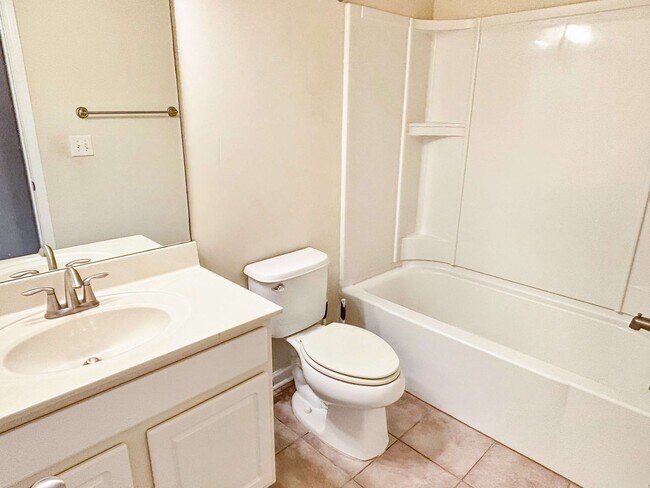 Building Photo - End Unit Townhome - 3BR, 2.5BA with Garage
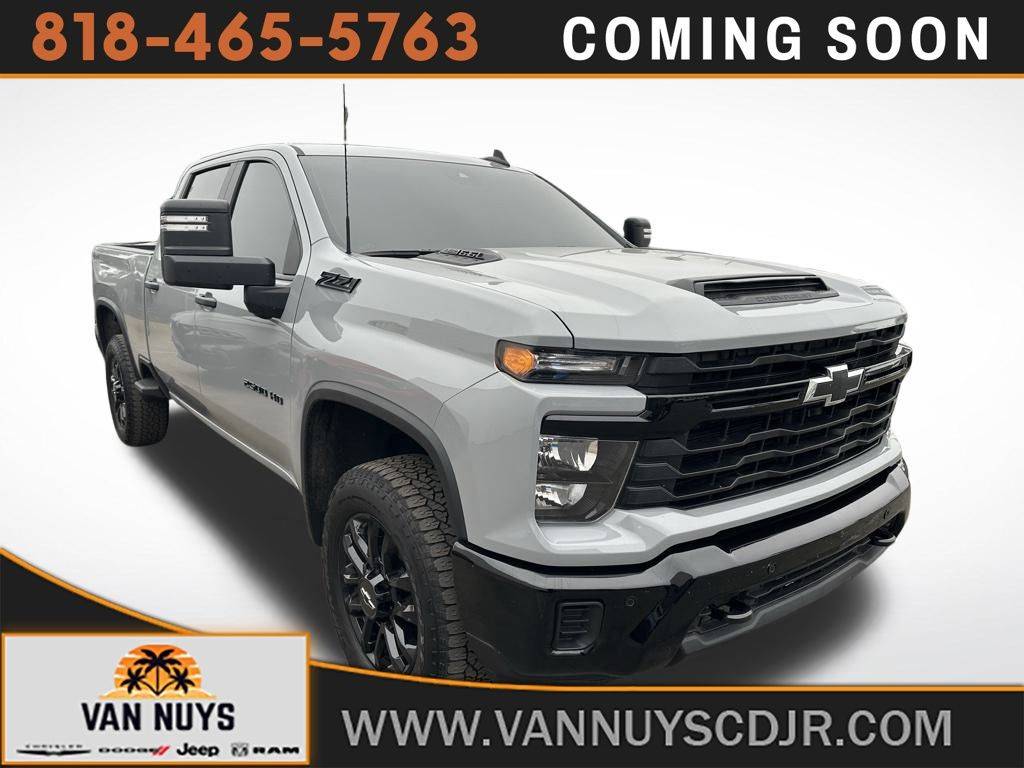 2025 Chevrolet Silverado 2500HD Custom — Pickup Truck — 18,580 mi — Van Nuys, CA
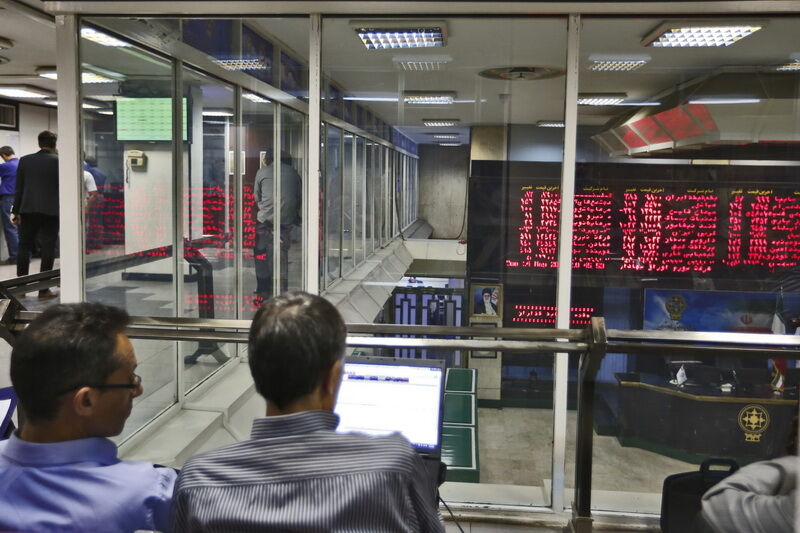 نایب رئیس کمیسیون صنایع مجلس تشریح کرد: بازار سهام، مهمترین روش تامین سرمایه واحدهای تولیدی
● ● ● ● ● ● ●
▶ [EXERCISE INSTRUCTIONS]:
The expected result is the data above in exact form, free of pictures.

▶ [RESPONSE TO THIS TASK]:
 Building Photo - End Unit Townhome - 3BR, 2.5BA with Garage
 2025 Chevrolet Silverado 2500HD Custom — Pickup Truck — 18,580 mi — Van Nuys, CA
 نایب رئیس کمیسیون صنایع مجلس تشریح کرد: بازار سهام، مهمترین روش تامین سرمایه واحدهای تولیدی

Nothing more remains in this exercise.